## WORK TO BE COMPLETED
Print the records below exactly. Omit every picture.

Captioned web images
= Beginning of Section =
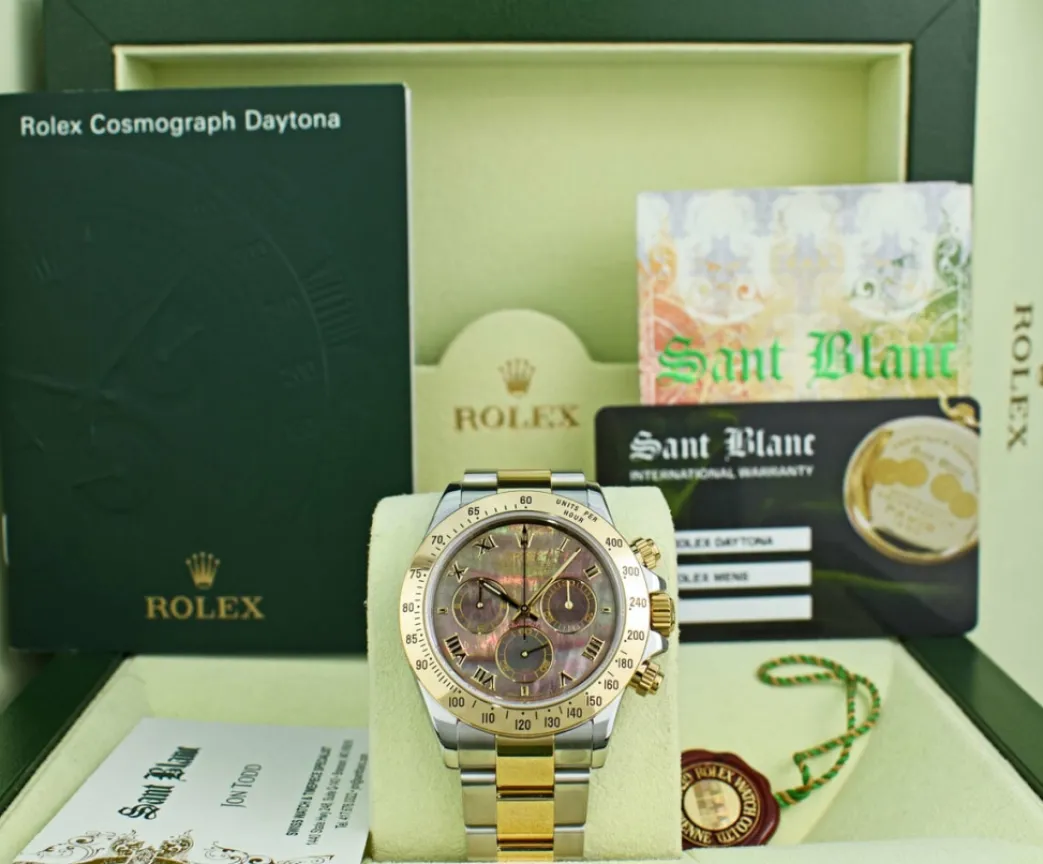 rolex_kt_gold__stainless__0-26.webp Sports Watches | Men's Watches | Sant Blanc ROLEX 18kt Gold & Stainless Steel Daytona Tahitian MOP Roman Dial Model 116523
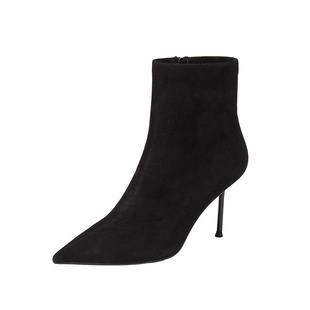 思加图新款气质通勤复古时装靴短靴高跟鞋黑色细跟女靴子H8058DD5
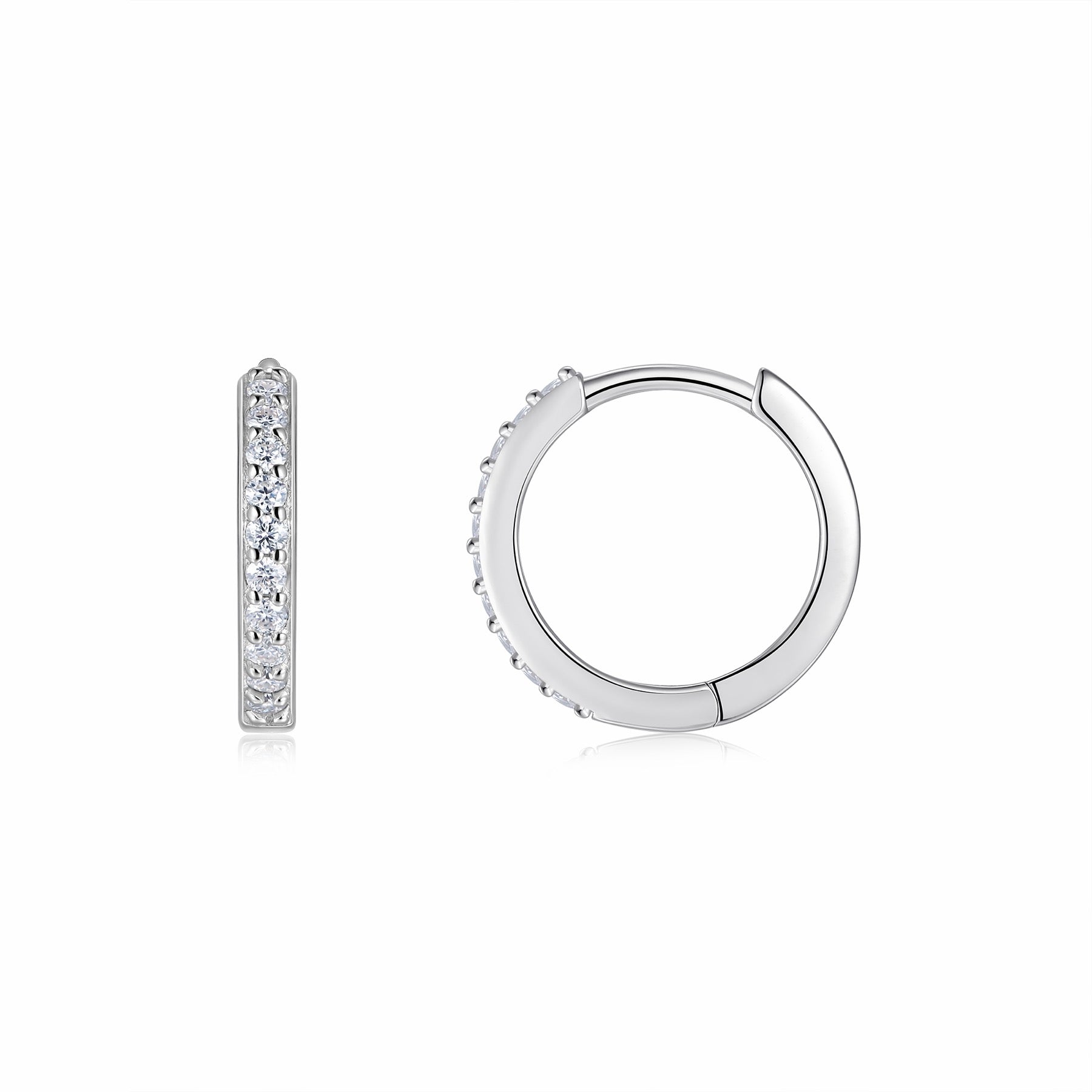 Filoro Moissanite Huggie Hoop Earrings in Sterling Silver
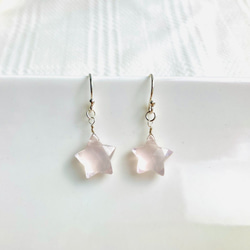 ローズクォーツのお星様ピアス◇silver925・宝石質AAA◇10月誕生石　ピンク　さくら色　スターカット 3枚目の画像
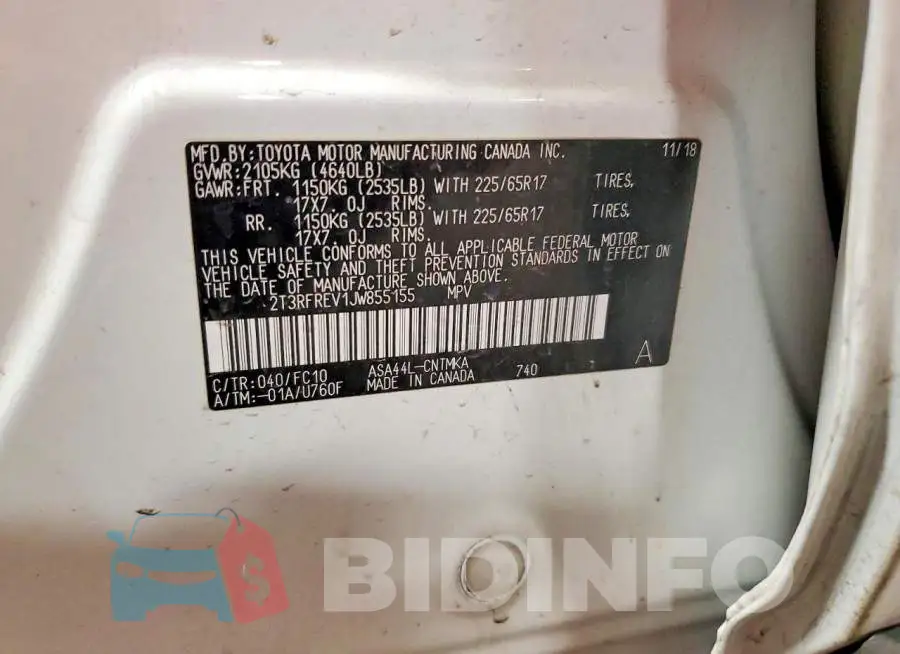 2T3RFREV1JW855155 Photo# 12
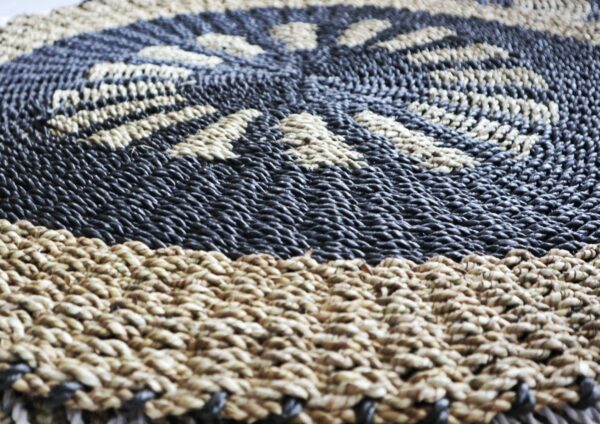 Round Seagrass Black & Tan - Inner Sun - 1m - Image 3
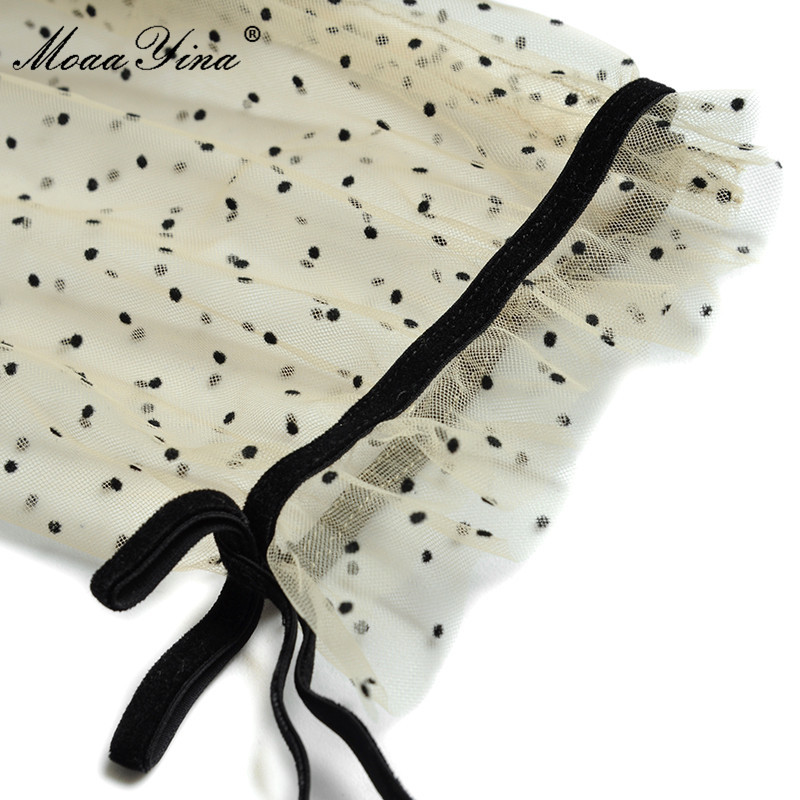 Fashion Runway Summer Elegant Party Dress Women polka dot Print Short sleeve Gorgeous Lace Splicing Mesh Midi 210524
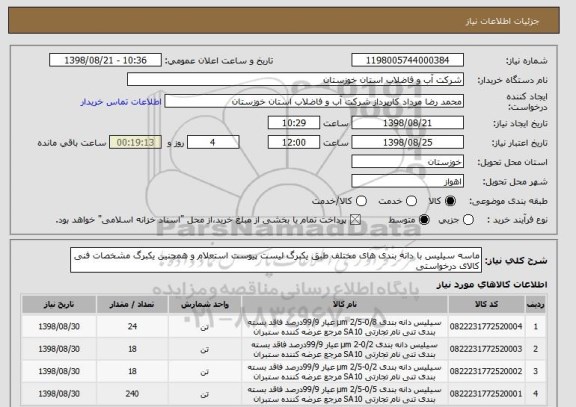 استعلام ماسه سیلیس با دانه بندی های مختلف طبق یکبرگ لیست پیوست استعلام و همچنین یکبرگ مشخصات فنی کالای درخواستی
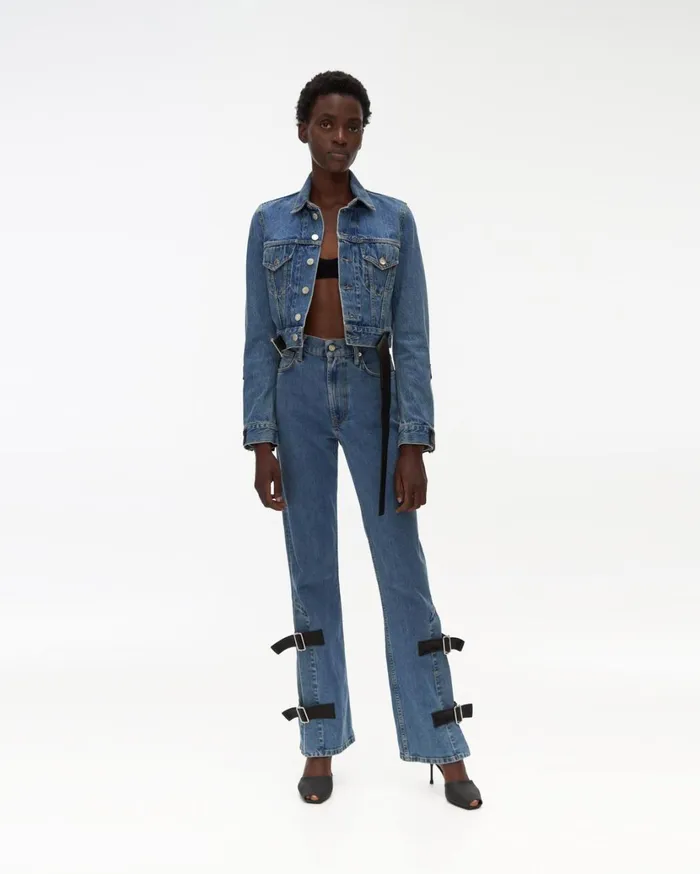 Women Strap Trucker Hi Contrast Helmut Lang Jackets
= End of Section =
## YOUR RESPONSE
 rolex_kt_gold__stainless__0-26.webp Sports Watches | Men's Watches | Sant Blanc ROLEX 18kt Gold & Stainless Steel Daytona Tahitian MOP Roman Dial Model 116523
 思加图新款气质通勤复古时装靴短靴高跟鞋黑色细跟女靴子H8058DD5
 Filoro Moissanite Huggie Hoop Earrings in Sterling Silver
 ローズクォーツのお星様ピアス◇silver925・宝石質AAA◇10月誕生石　ピンク　さくら色　スターカット 3枚目の画像
 2T3RFREV1JW855155 Photo# 12
 Round Seagrass Black & Tan - Inner Sun - 1m - Image 3
 Fashion Runway Summer Elegant Party Dress Women polka dot Print Short sleeve Gorgeous Lace Splicing Mesh Midi 210524
 استعلام ماسه سیلیس با دانه بندی های مختلف طبق یکبرگ لیست پیوست استعلام و همچنین یکبرگ مشخصات فنی کالای درخواستی
 Women Strap Trucker Hi Contrast Helmut Lang Jackets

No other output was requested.